1 授業内容と目標
低学年では、津波の速さと流れの強さ(破壊力)について知り、津波についての知識を深めることを目標にしています。
まず、着衣水泳を通して水の流れに逆らう体験をし、強さと速さを確認します。その後、着衣水泳の体験を踏まえて、実際の津波の映像を見ながら津波の破壊力を理解していきます。

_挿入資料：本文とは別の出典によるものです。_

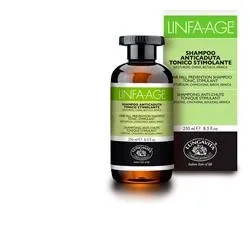 Linfa-age Shampoo Anticaduta Tonico Stimolante 250 Ml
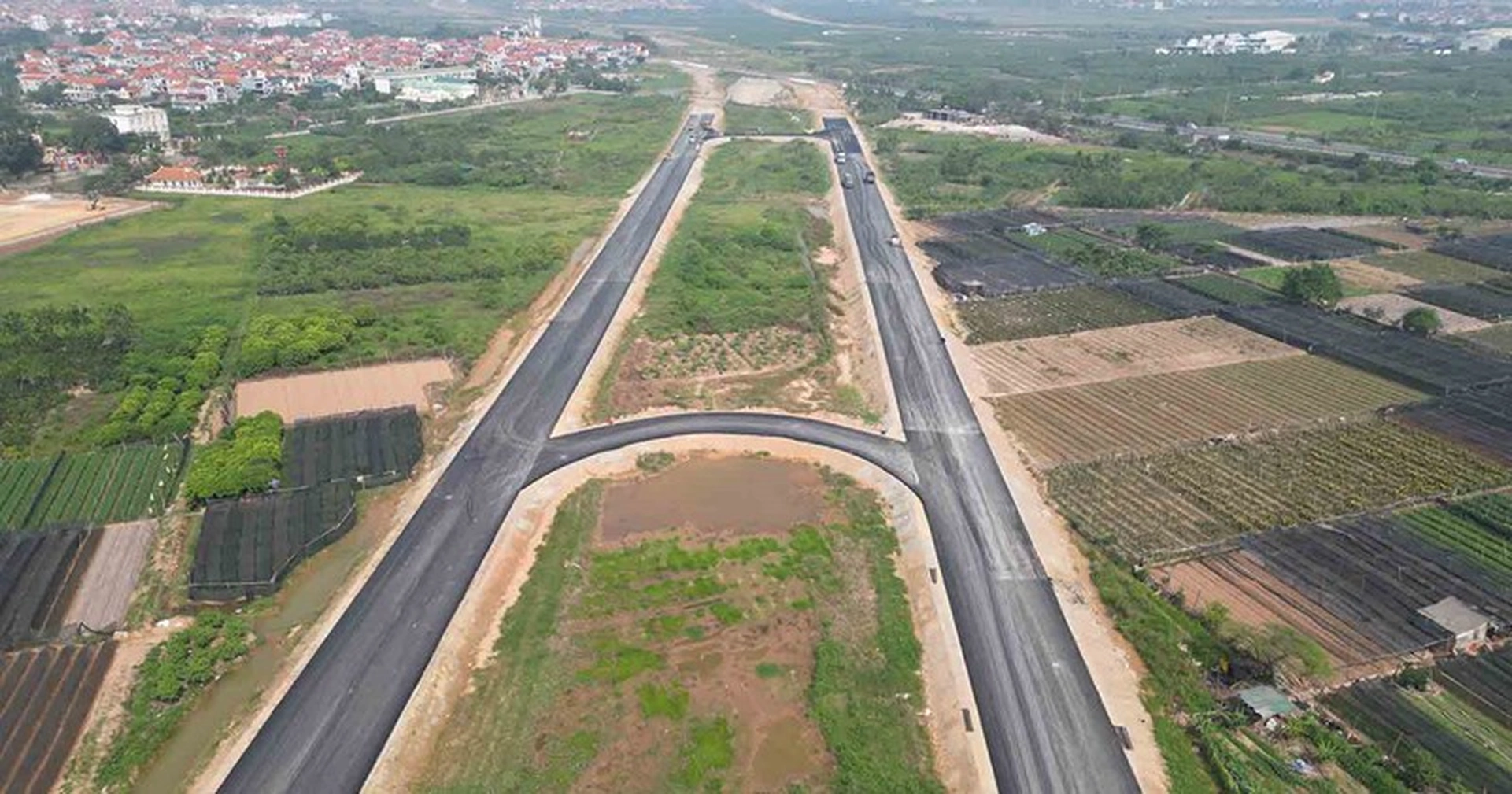 Tổng mức đầu tư cho dự án Vành đai 4 Hà Nội là bao nhiêu?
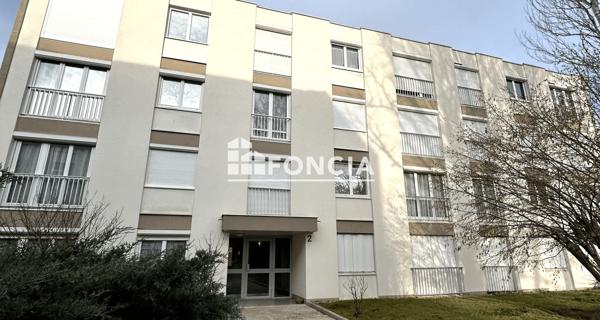 À vendre Appartement 2 pièces 43 m² - Orléans 45100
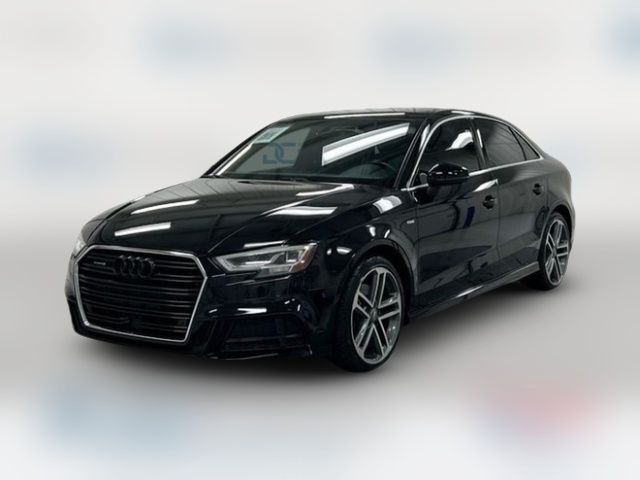 2017 Audi A3 Premium Plus
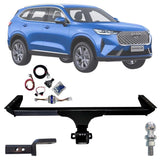 BTA Towbar Kit To Suit Haval H6 02/2021 - On 
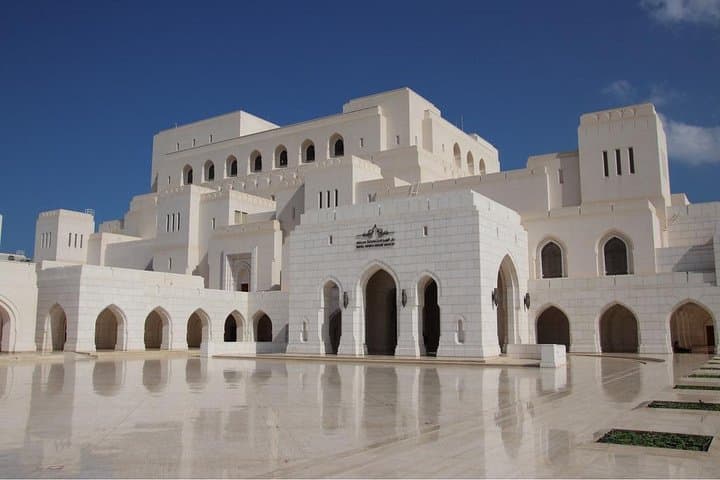 Muscat Full-Day Private City Tour — Grand Mosque, Muttrah Souq & Coastal Views photo 2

加えて、避難のタイミングの大切さをおさえます。
※着衣水泳の時間を活用
- 着衣水泳を行っているプールサイドでの指導が望ましい
- 視聴機器等の準備が必要なため、着衣水泳後に屋内にもどってから指導することでも可
- 着衣水泳後の衣服の着脱・後始末等に時間が掛かり、着衣水泳は設定した時数より実際は多く時間を必要とする。 そのため、実質的な着衣水泳+後始末・防災教育で時数2時間扱いとして考えるとよいかと思う。
※学校によっては、着衣泳を低学年で行っていない場合もあるが、1・2年生のうちに、着衣泳とからめた指導を行っておくことが望ましい。
2 導入
(1)服を着て、水の流れに沿ったり逆らったりして、歩いたり泳いだりした時の感想を話し合う。
→着衣水泳学習後、最後の10分程度で体験する。
→水の流れに逆らう体験をし、強さと速さを知る
3 展開
(1)インド洋津波の映像を見て、気付いたことを話し合う。
→着衣水泳終了後、映像を見て気付いたことを発表してもらう
→発言から「人が簡単に流されてしまうほど津波の流れは強い」ことをおさえる
【動画—01】2004年インド洋津波(1)海岸到達の様子[2:10]
(2)映像を見て、津波の速さや流れの強さについて知る。
→映像を見て気付いたことを発表してもらう
→発言の中から「津波の中を歩くことはできない」ことをおさえる
→たとえ50cmの津波でも立っていることはできないことを確認する
→車などを例に出し、津波の具体的な速さについて説明する
【動画-08】津波の破壊力に関する実験 [0:37]
参考:津波の速さは水深に比例する。
水深5,000m →時速800km(ジェット機)
水深500m →時速250km(新幹線)
水深100m →時速110km
水深10m →時速36km(自動車)
4 まとめ
- 着衣水泳や実験映像を見て気付いたことをプリントに記入する。
- 感想等を発表し、今日の学習をまとめる。
→津波から命を守るためには、早く避難する必要があることをしっかりおさえる
5 確認
- 津波の速さや破壊力を知ることができたか?
- 津波が来たら、早く避難する必要があることを知ることができたか?
詳細は下記のPDFをご確認ください。
6 講師プロフィール
片田敏孝
群馬大学大学院工学研究科
社会環境デザイン工学専攻 教授
広域首都圏防災研究センター長
岩手県釜石市の小中学校における津波防災教育を指導。
2011年3月11日に起こった東日本大震災で、地震や津波の甚大な被害を受けた釜石市では、片田先生による子どもたちへの日頃からの防災教育指導の結果、多くの子どもたちを津波の被害から守ることができた。